Giugno ci ha salutato portandosi dietro una scia di sangue. L’attentato a Dacca, rivendicato dall’Isis, è costato la vita a 9 italiani. I nomi sono stati divulgati a poche ore dalla fine dell’assedio al caffè nel quale il commando aveva fatto irruzione intorno alle 21. Adele Puglisi, Marco Tondat, Claudia Maria D’Antona, Nadia Benedetti, Vincenzo D’Allestro, Maria Riboli, Cristian Rossi, Claudio Cappelli e Simona Monti non sono stati solo uccisi, ma anche torturati. Lo ha rivelato l’autopsia, hanno sofferto prima di morire, inermi, di fronte alla tanta follia omicida.

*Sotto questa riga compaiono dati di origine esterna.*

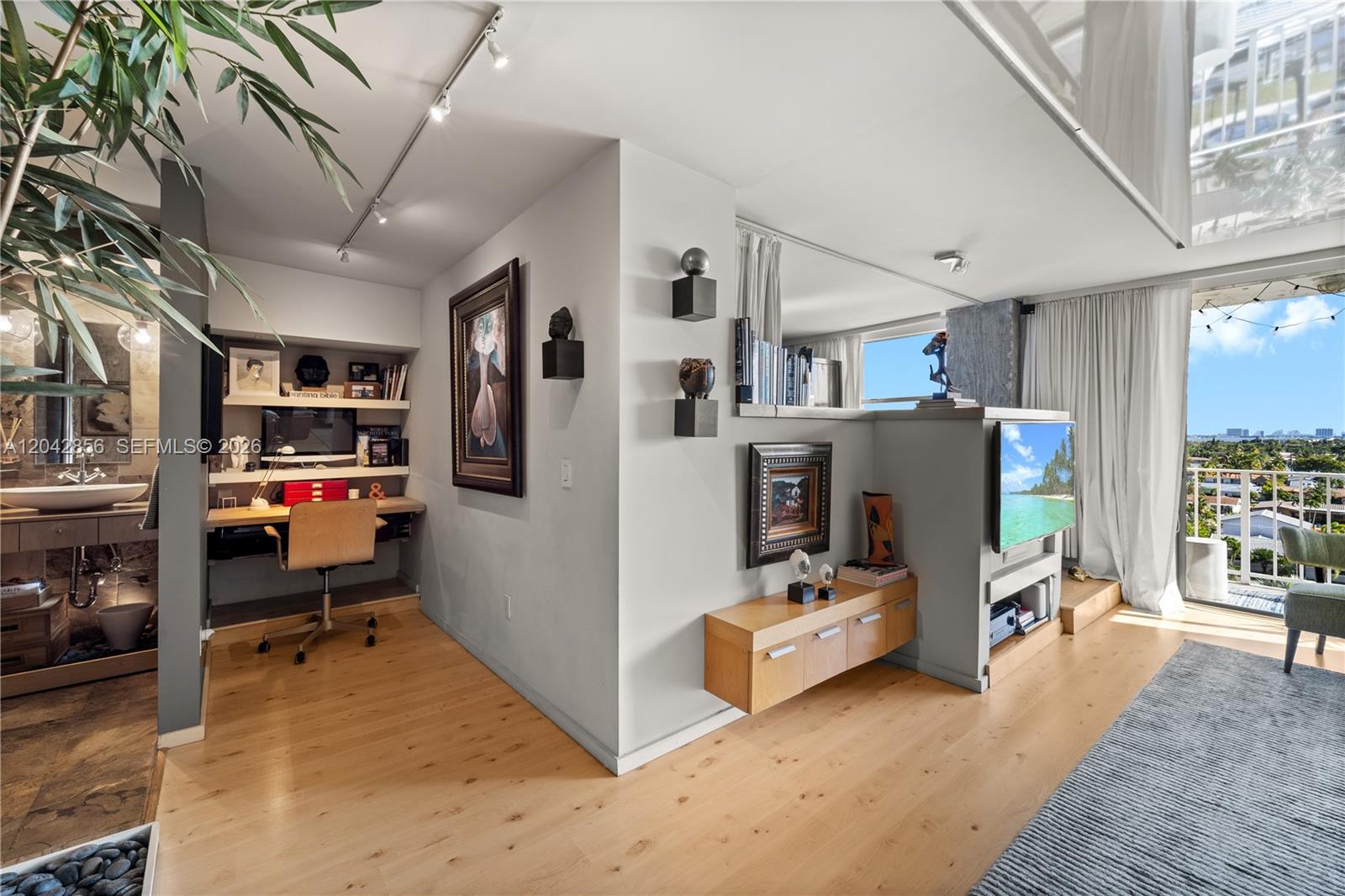 A modern living area features a built-in desk, a television partition, and a balcony view — 2350 NE 135th St # 808, North Miami FL 33181, NORTH MIAMI, FL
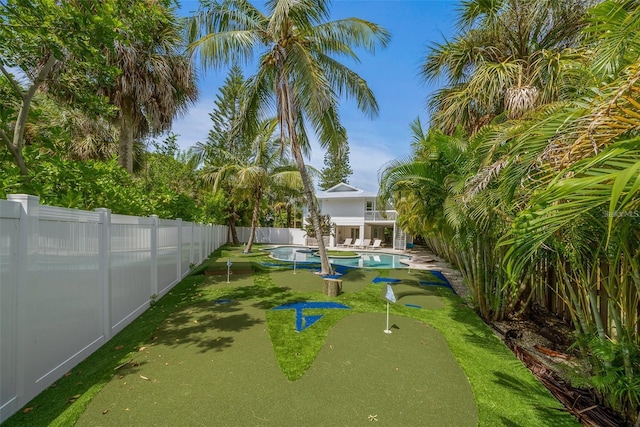 view of yard featuring a fenced in pool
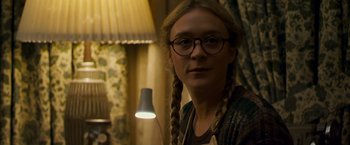 Movie still from “Zodiac” (2007), directed by David Fincher – A woman wearing glasses and braids in front of a lamp; Close Up shot, Over the shoulder angle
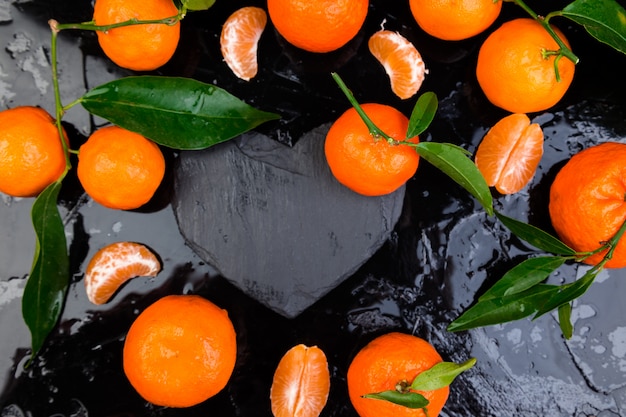 Tangerine around with black slate heart shaped.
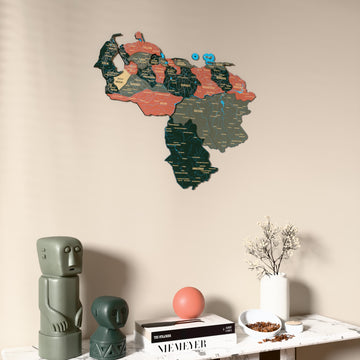 Sage Venezuela wooden wall map on a beige wall above a console with figurines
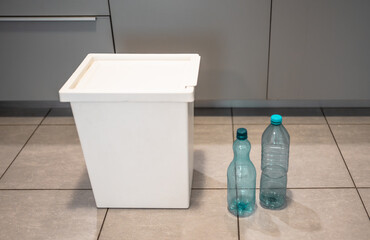 Plastic bottles next to a trash bin. Sorting plastic for easier recycling of waste.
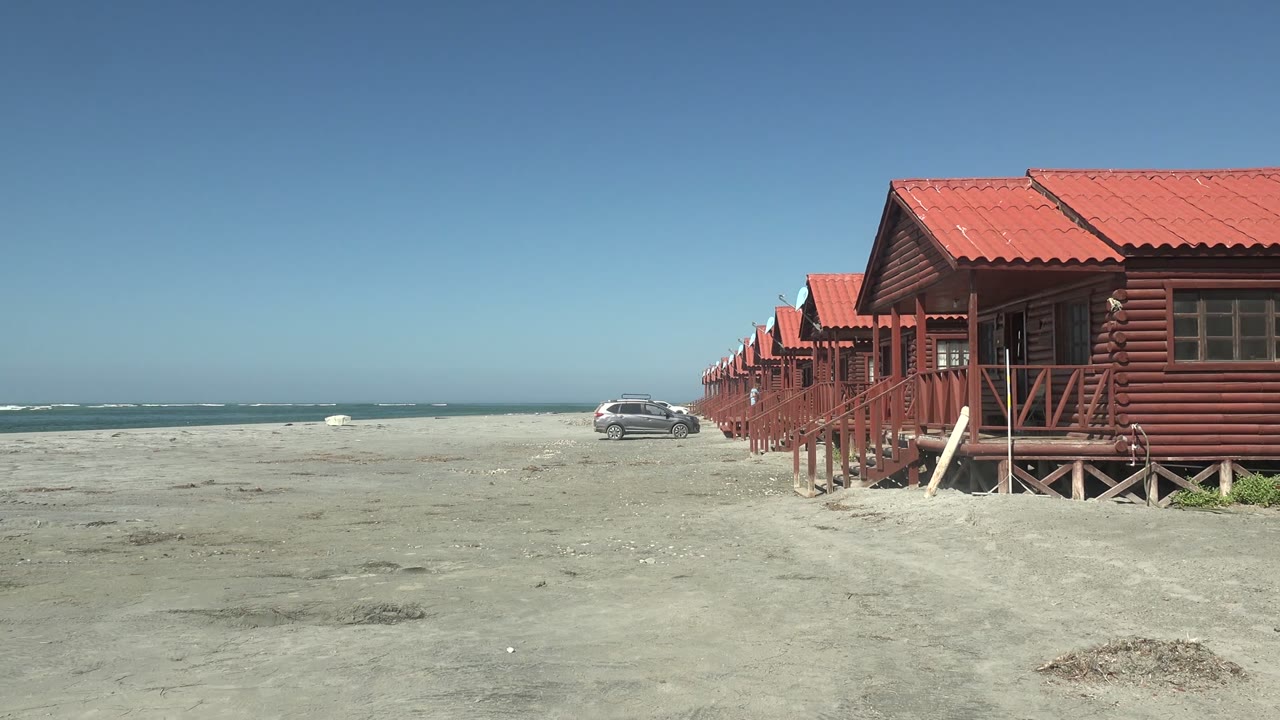Car moving across sand in front of red-roofed beach cabins.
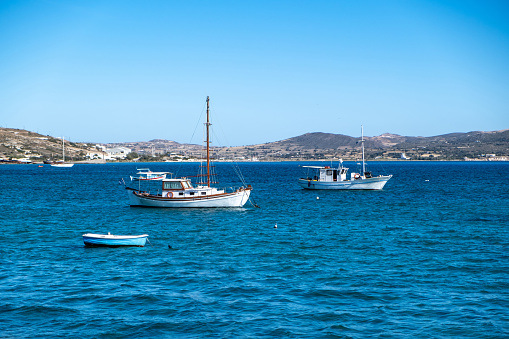 Wooden fishing boat moored in open Aegean calm sea, building, nature, clear blue sky background. Milos Greek island, Cyclades. Destination Greece, summer day.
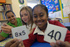 Year 6 pupils Danielle Grubb and Mahmooda Begum with The Tipton’s Dalbeer Dhinsa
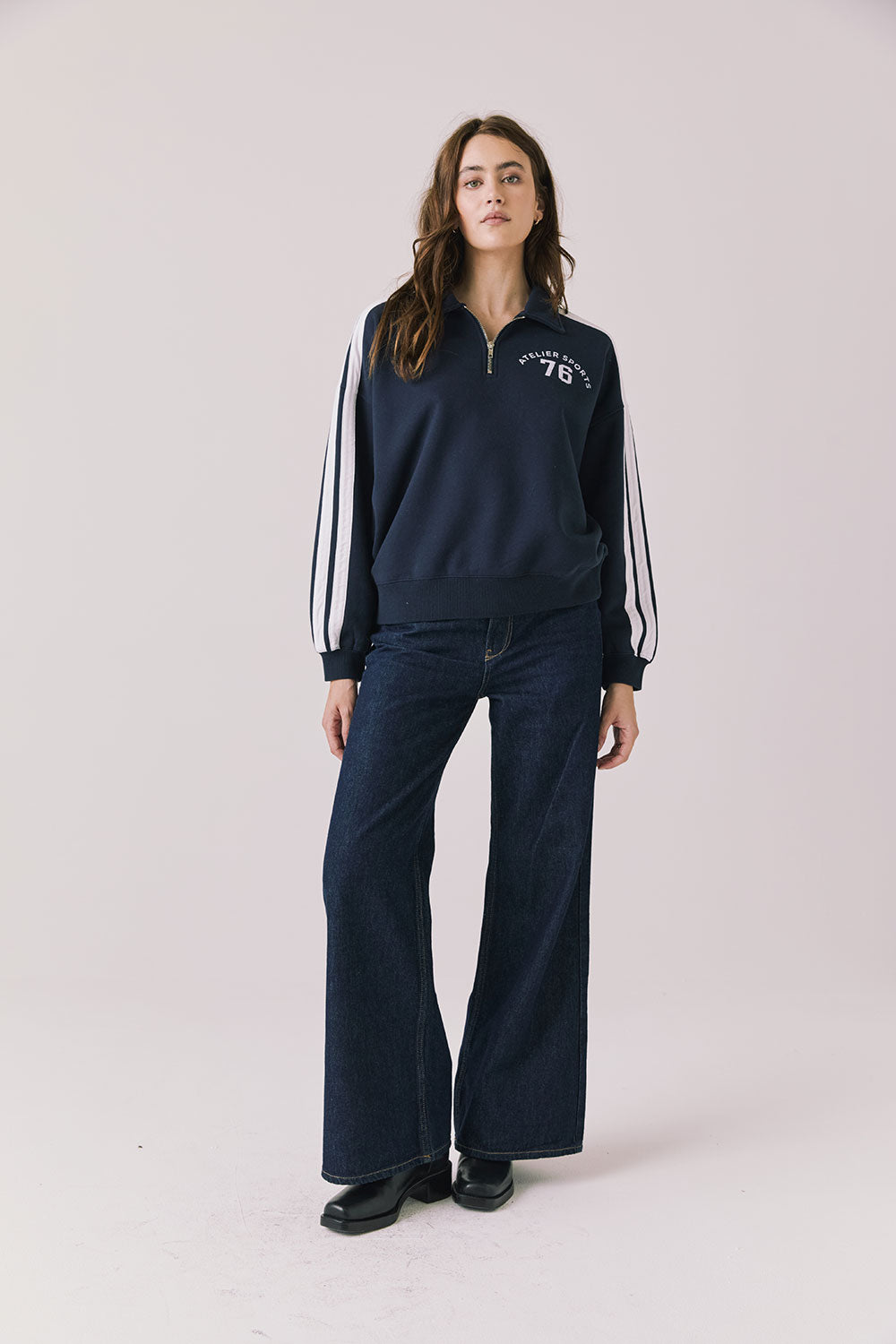Woman wearing Chaser's navy Atelier Sports 76 Half Zip Long Sleeve with white stripes and dark denim jeans on a light gray background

Simona Monti aveva 33 anni e un bambino in grembo. La gravidanza l’aveva cambiata, anche se era iniziata da pochissimi mesi. Quel pancino che credeva di giorno in giorno la rendeva impaziente ma la spaventava anche. Era un’anima errante Simona. Viaggiava da sempre e non le metteva paura vivere da sola in un Paese lontano e così diverso dal suo. Come tutti i viaggiatori, le radici erano croce e delicato per lei. Sempre in movimento, sempre con la valigia accanto al cuore. Così l’arrivo di un bambino, oltre ad essere un grande traguardo d’amore, le imponeva di fermarsi, stabilizzarsi e tornare in Italia. Aveva scelto la data: lunedì sarebbe atterrata a Fiumicino. Ma lunedì non è mai arrivato per lei, perché la sera di venerdì 1 luglio era semplicemente nel posto sbagliato al momento sbagliato. Uscita per una cena con i colleghi, non è più tornata.

A Roma ci è arrivata, ma a Ciampino e in una bara, che l’ha avvolta insieme al suo bambino, per sempre.